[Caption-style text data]
————

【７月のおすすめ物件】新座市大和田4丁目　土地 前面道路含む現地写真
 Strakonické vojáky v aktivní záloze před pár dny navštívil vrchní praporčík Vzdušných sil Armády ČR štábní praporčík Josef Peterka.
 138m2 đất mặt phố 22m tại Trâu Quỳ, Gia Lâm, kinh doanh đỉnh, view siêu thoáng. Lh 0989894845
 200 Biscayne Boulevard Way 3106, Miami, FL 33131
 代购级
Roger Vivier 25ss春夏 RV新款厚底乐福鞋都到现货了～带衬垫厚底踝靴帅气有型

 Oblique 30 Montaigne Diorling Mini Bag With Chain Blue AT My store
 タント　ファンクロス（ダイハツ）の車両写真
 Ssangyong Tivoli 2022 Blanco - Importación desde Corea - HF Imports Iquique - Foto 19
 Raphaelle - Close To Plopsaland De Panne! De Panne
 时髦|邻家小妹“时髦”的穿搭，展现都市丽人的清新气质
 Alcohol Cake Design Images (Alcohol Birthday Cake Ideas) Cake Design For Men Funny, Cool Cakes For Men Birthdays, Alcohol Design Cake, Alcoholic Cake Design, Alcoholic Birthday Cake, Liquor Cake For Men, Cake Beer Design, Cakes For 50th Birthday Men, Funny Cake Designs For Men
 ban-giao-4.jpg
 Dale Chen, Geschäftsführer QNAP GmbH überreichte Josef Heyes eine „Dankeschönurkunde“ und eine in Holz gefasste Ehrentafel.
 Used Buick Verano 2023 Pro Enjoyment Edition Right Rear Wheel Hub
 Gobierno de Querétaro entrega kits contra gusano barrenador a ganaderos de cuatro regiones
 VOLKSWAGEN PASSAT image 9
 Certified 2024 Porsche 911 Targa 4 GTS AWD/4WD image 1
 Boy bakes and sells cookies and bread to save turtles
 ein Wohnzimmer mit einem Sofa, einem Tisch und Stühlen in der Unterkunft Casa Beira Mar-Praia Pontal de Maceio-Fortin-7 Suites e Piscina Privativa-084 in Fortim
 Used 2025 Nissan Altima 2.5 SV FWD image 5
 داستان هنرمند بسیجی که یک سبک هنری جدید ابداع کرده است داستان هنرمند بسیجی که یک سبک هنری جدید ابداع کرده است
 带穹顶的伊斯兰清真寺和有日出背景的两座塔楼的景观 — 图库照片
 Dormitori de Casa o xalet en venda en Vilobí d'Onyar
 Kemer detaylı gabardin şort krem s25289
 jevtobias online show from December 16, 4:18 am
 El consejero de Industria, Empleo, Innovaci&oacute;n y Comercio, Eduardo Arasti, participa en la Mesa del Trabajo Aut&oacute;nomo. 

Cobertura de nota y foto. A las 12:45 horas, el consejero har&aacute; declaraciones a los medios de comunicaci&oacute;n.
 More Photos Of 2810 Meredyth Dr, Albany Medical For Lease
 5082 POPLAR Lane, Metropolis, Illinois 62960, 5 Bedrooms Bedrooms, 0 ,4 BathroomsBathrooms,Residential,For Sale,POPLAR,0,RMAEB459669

————

◆ Description of the task
Nothing but the exact lines of the data above, from the line containing "کرده است داستان" through the last, should appear in the answer.

◆ Answer space
 داستان هنرمند بسیجی که یک سبک هنری جدید ابداع کرده است داستان هنرمند بسیجی که یک سبک هنری جدید ابداع کرده است
 带穹顶的伊斯兰清真寺和有日出背景的两座塔楼的景观 — 图库照片
 Dormitori de Casa o xalet en venda en Vilobí d'Onyar
 Kemer detaylı gabardin şort krem s25289
 jevtobias online show from December 16, 4:18 am
 El consejero de Industria, Empleo, Innovaci&oacute;n y Comercio, Eduardo Arasti, participa en la Mesa del Trabajo Aut&oacute;nomo. 

Cobertura de nota y foto. A las 12:45 horas, el consejero har&aacute; declaraciones a los medios de comunicaci&oacute;n.
 More Photos Of 2810 Meredyth Dr, Albany Medical For Lease
 5082 POPLAR Lane, Metropolis, Illinois 62960, 5 Bedrooms Bedrooms, 0 ,4 BathroomsBathrooms,Residential,For Sale,POPLAR,0,RMAEB459669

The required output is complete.